Sparked by an increase in defaulting student loans, an undercover government investigation into for-profit colleges has found that campus recruiters used deceit and fraud to lure potential students.
The Government Accountability Office (GAO) will present its findings-- mostly outrageous anecdotes-- from its 30-page study, "For-Profit Colleges: Undercover Testing Finds Colleges Encouraged and Engaged in Deceptive and Questionable Marketing Practices," tomorrow morning at a Senate education hearing.
(SCROLL DOWN FOR THE FULL REPORT)
The GAO sent four undercover employees to pose as potential students at 15 unnamed colleges, chosen because each receives at least 89% of its revenue from federal aid. The "students" spoke to admissions officers and campus recruiters, and expressed interest on school websites.
The "students" quickly discovered all levels of shadiness: one D.C.-based admissions officer at a trade school claimed barbers can earn up to $250,000 a year, while a Florida-based campus recruiter tried to convince a student that a $14,000 massage therapy certificate was a "good value" even though the same certificate was available at a community college for $520.
Other schools urged applicants to falsify information on their financial aid forms. For instance, a Texas college encouraged a potential applicant to add dependents to qualify for a Pell Grant, while an adviser in Pennsylvania told another student to delete his $250,000 savings declaration.

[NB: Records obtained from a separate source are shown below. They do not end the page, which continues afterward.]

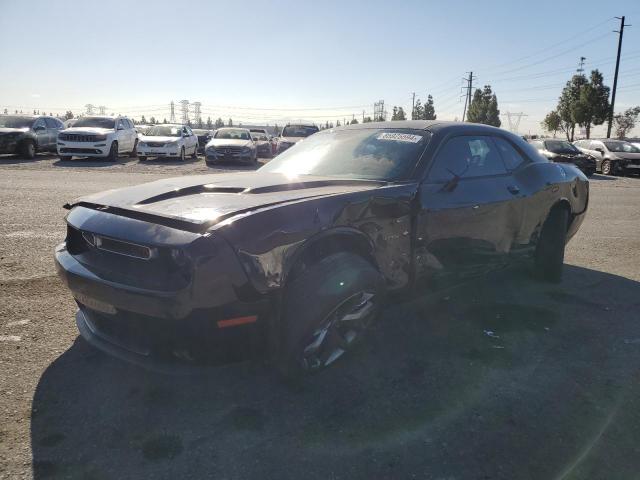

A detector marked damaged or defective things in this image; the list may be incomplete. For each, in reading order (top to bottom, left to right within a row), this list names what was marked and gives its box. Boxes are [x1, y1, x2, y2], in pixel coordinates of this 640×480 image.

damaged dodge challenger [56, 121, 592, 376]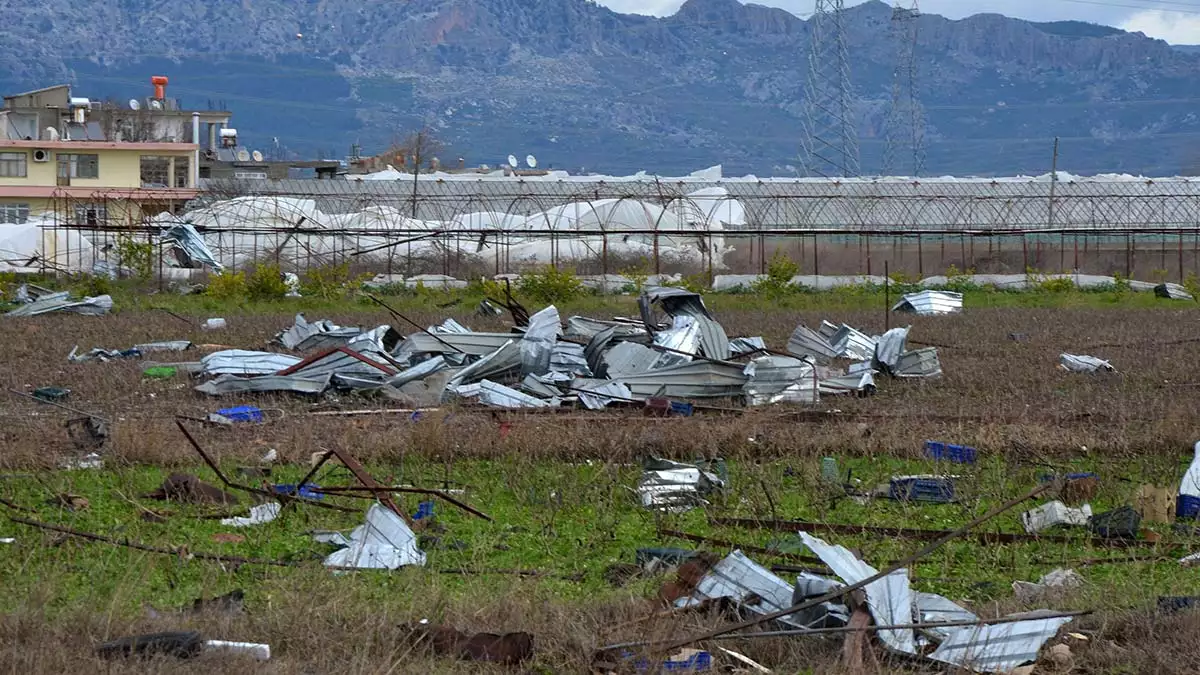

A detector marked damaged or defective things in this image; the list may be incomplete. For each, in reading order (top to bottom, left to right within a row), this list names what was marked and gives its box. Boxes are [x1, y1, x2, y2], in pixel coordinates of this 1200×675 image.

broken metal panel [5, 294, 112, 318]
damaged roofing material [5, 294, 113, 316]
broken metal panel [892, 290, 964, 316]
damaged roofing material [892, 290, 964, 316]
broken metal panel [1152, 282, 1192, 302]
broken metal panel [197, 352, 300, 378]
broken metal panel [195, 370, 330, 396]
broken metal panel [446, 340, 520, 388]
broken metal panel [476, 378, 560, 410]
broken metal panel [520, 304, 564, 374]
broken metal panel [568, 378, 632, 410]
broken metal panel [620, 360, 752, 402]
broken metal panel [692, 316, 732, 362]
broken metal panel [728, 336, 764, 356]
broken metal panel [744, 354, 820, 406]
broken metal panel [788, 324, 836, 362]
broken metal panel [828, 324, 876, 362]
broken metal panel [872, 326, 908, 372]
broken metal panel [896, 348, 944, 380]
broken metal panel [1056, 354, 1112, 374]
damaged roofing material [1056, 354, 1112, 374]
damaged roofing material [318, 502, 426, 572]
broken metal panel [322, 502, 428, 572]
broken metal panel [680, 552, 812, 632]
broken metal panel [800, 532, 916, 656]
broken metal panel [928, 616, 1080, 672]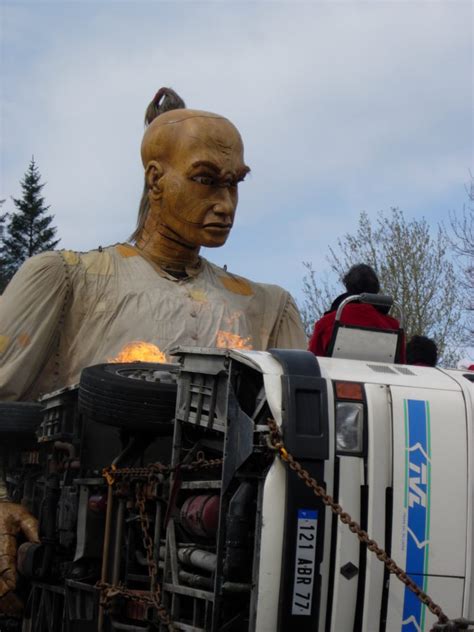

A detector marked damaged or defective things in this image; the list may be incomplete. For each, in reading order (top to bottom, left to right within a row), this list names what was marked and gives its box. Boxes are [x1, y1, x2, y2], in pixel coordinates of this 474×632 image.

overturned truck [0, 346, 474, 632]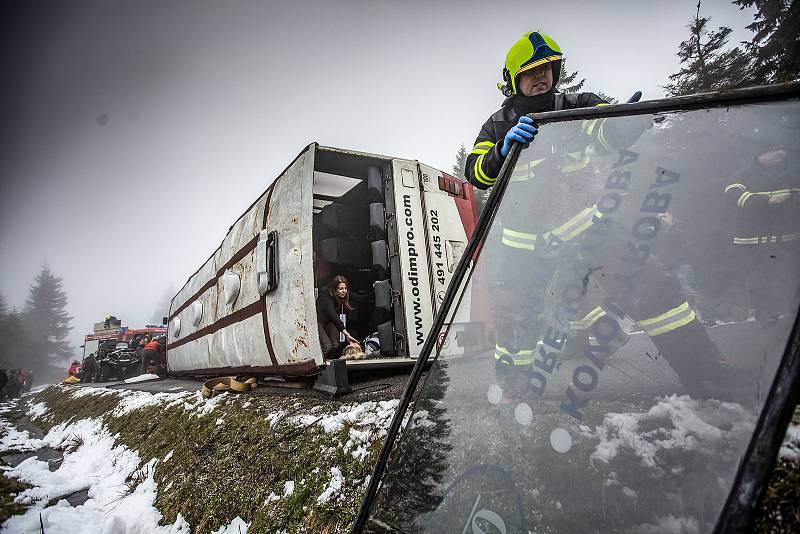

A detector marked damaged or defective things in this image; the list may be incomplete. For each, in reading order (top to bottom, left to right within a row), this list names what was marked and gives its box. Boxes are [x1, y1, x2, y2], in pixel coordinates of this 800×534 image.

Although none of the schools' names were disclosed, analysts interviewed by Businessweek speculated that two of the campuses are owned by Apollo Group, two by Corinthian Colleges and one by the Washington Post, which owns Kaplan, the educational-testing behemoth.
The damning report is the latest blow to the for-profit sector, which currently receives $24 billion of federal aid each year, the GAO reports. These schools include any privately owned certificate programs, associate's degrees, and bachelor's degrees.
In a final memorable anecdote, the report describes a Florida-based admissions officer who said student loans are nothing like car payments. And in fact, this is sort of true -- when students default on these loans, taxpayers end up bearing most of the costs.